**Directions**
Output only the lines that run from the line holding "Nissan / UD 2013" to the end of the entries, both ends included, and skip the pictures.

**Provided data**
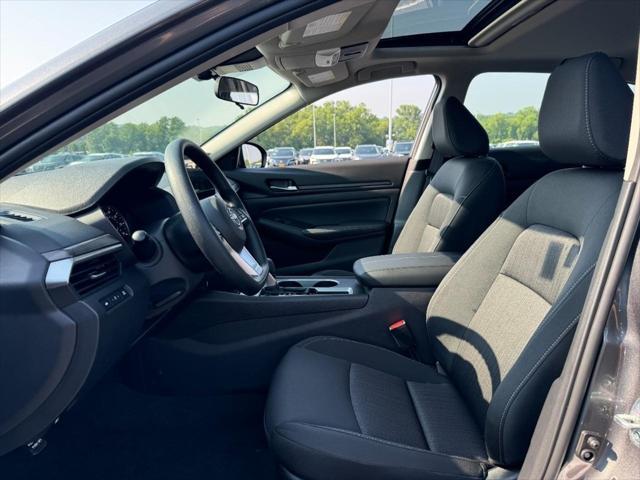 new 2025 Nissan Altima car, priced at $27,656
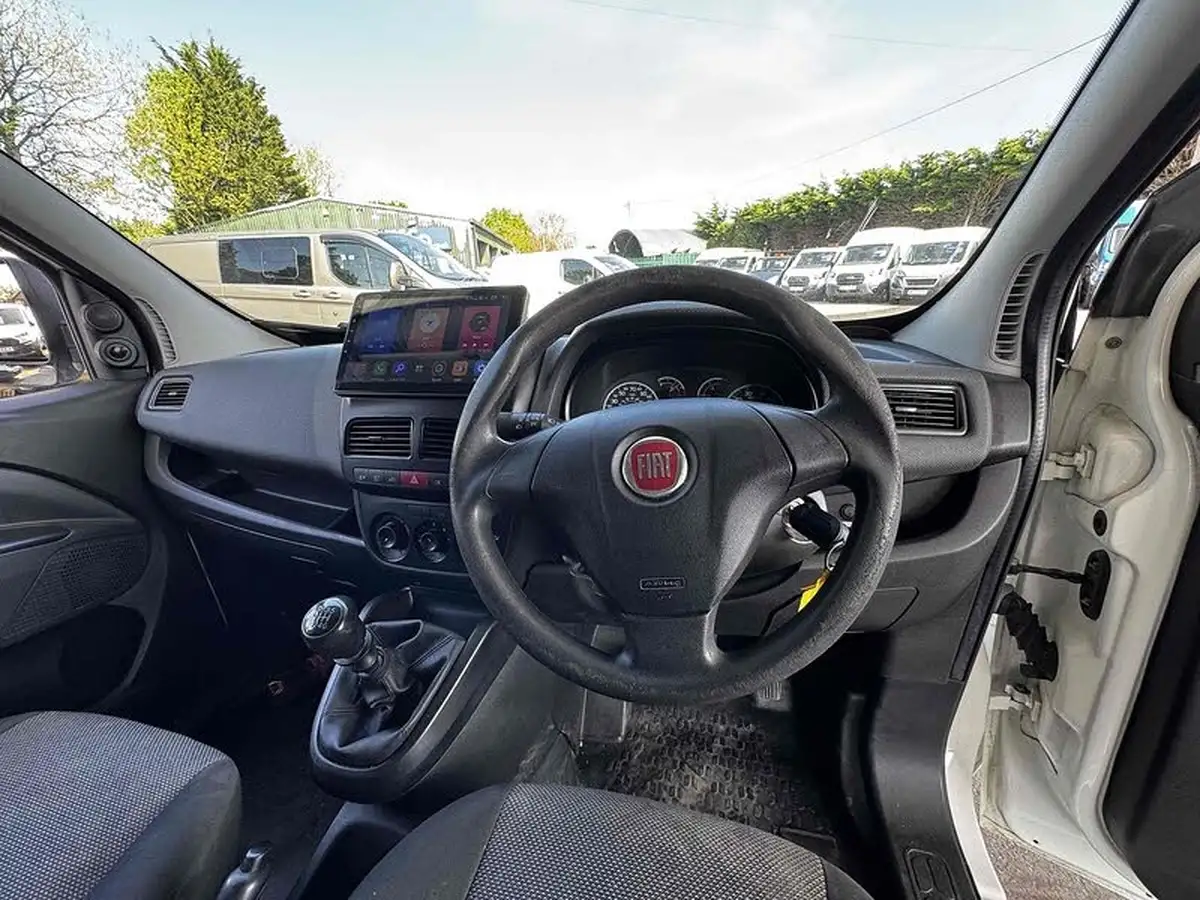 2014-fiat-doblo-cargo-16td-105eu-l1-panel-van-big-25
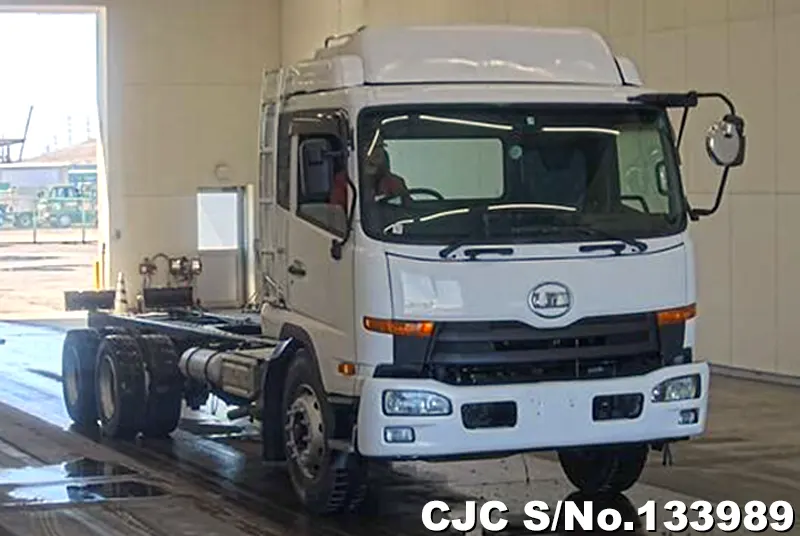 Nissan / UD 2013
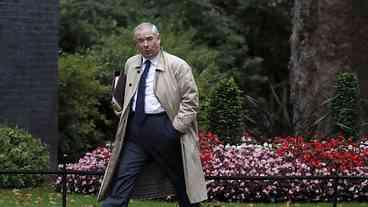 Geoffrey Cox diz que Parlamento britânico é uma 'vergonha'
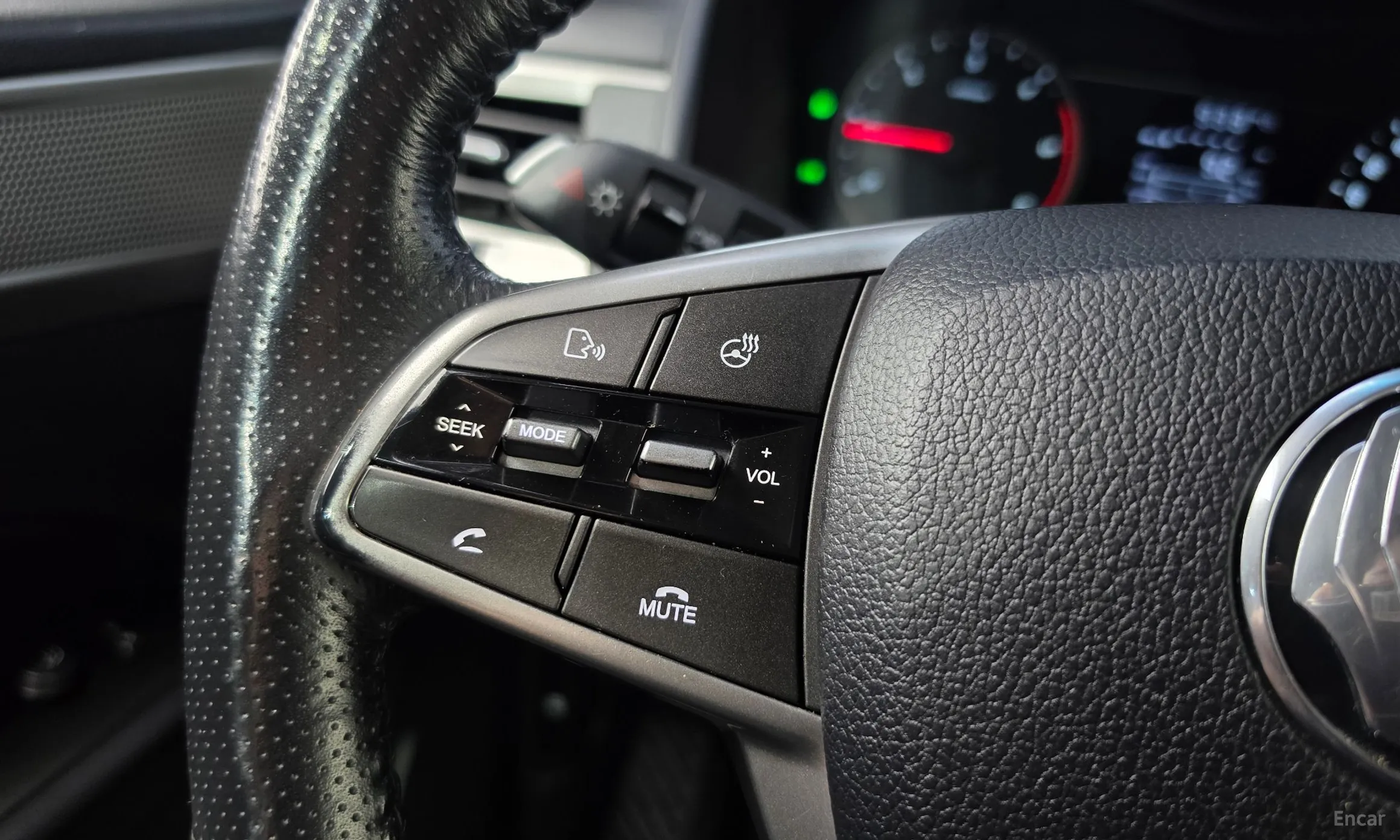 KG Mobility (SsangYong) Rexton Sports превью 16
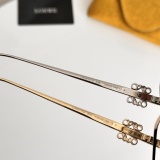 Loewe Fashion Personalized Versatile Glasses Model: LW40111U Size: 134-0-140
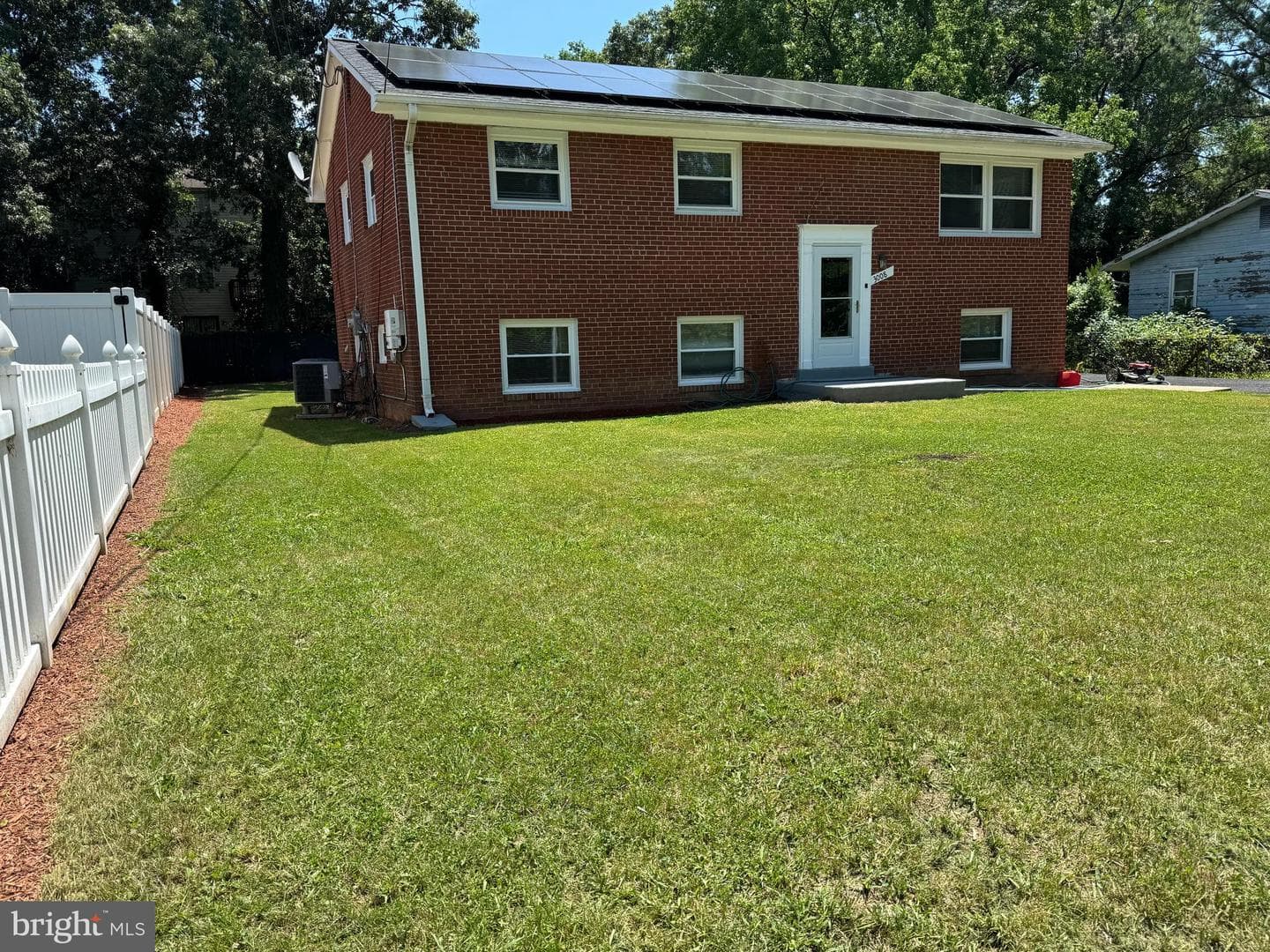 3008 Xavier Lane photo 3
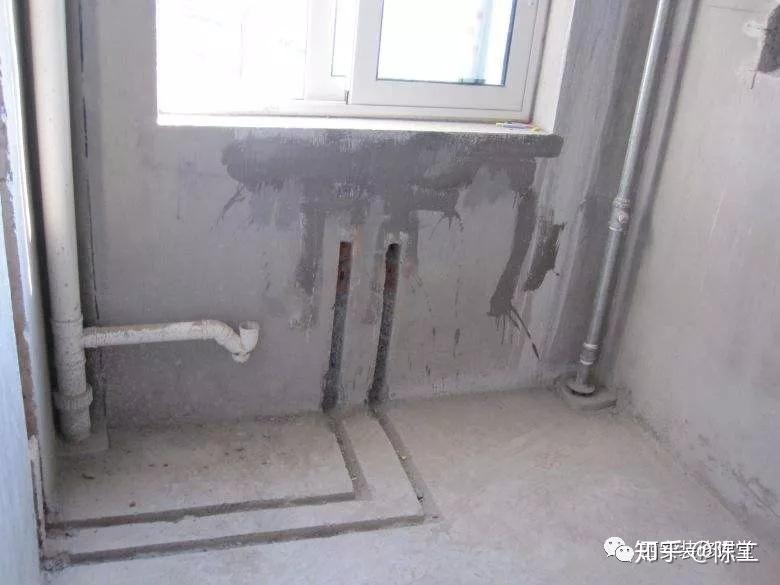 厨房地面不干净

**Completed exercise**
 Nissan / UD 2013
 Geoffrey Cox diz que Parlamento britânico é uma 'vergonha'
 KG Mobility (SsangYong) Rexton Sports превью 16
 Loewe Fashion Personalized Versatile Glasses Model: LW40111U Size: 134-0-140
 3008 Xavier Lane photo 3
 厨房地面不干净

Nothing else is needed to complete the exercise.